Na hípica, Claudio se destacou e se tornou Auxiliar de Assistente de Equitação para crianças em pôneis. “Eu ajudava crianças a montar. Trabalhei lá por 10 anos. Como cavaleiro, fiquei por 20 anos”, conta Claudio, que participou de competições e conquistou títulos. Em 2009, tornou-se vice-campeão paulista e vice-campeão regional metropolitano de hipismo, saltando 0,60 metro e concorrendo com 118 cavaleiros onde apenas ele tinha síndrome de Down.

Durante o projeto Asas, Claudio e sua mãe descobriram que ainda há muitas conquistas por vir. “O projeto Asas trouxe tudo para mim. Foi importante para o meu projeto de vida e metas. Ele até transformou minha meta”, revela.

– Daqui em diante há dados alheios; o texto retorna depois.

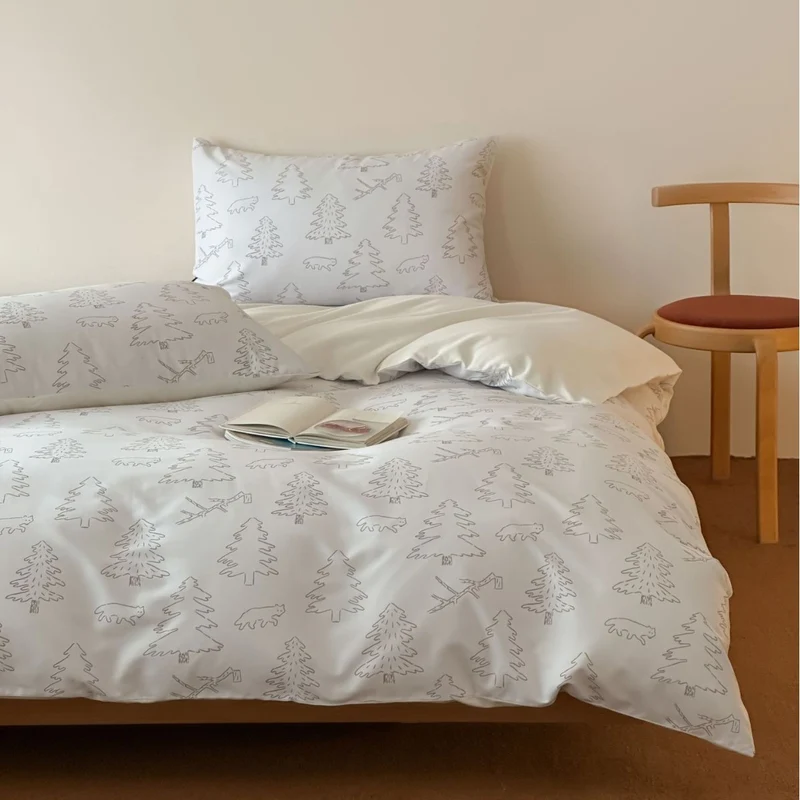Bettbezug-Set aus Baumwollsatin mit Boho-Ethno-Muster und Wendefunktion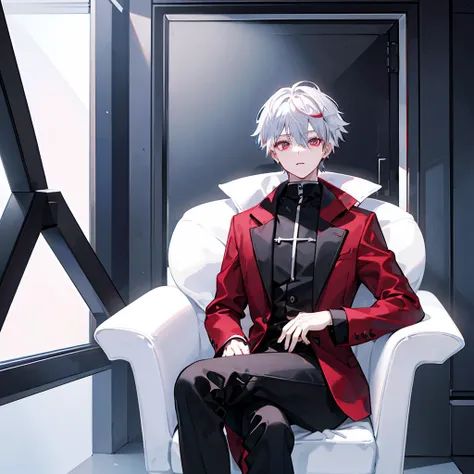   1 boy 、   beautiful eyes ((red))、 Multicolored Hair((  short、Half silver hair  、 Half black hair))、 black suit、 sit cross-legged、Black Room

Devido ao alto custo de abrir um centro de equoterapia, Claudio decidiu deixar essa meta para o futuro e, no momento, investe em dar palestras para empresas e organizações. Nas palestras, o rapaz conta como a inclusão pelo esporte mudou a sua vida, mostrando que é possível, sim, uma pessoa com síndrome de Down ter autonomia e construir uma carreira.

Outras metas foram traçadas durante o Asas, como realizar uma capacitação para o mercado de trabalho, fazer curso de inglês e se casar com a sua atual namorada. “Eu quero fazer coisas diferentes e estar sempre em movimento. E vou continuar dando palestras”, diz Claudio.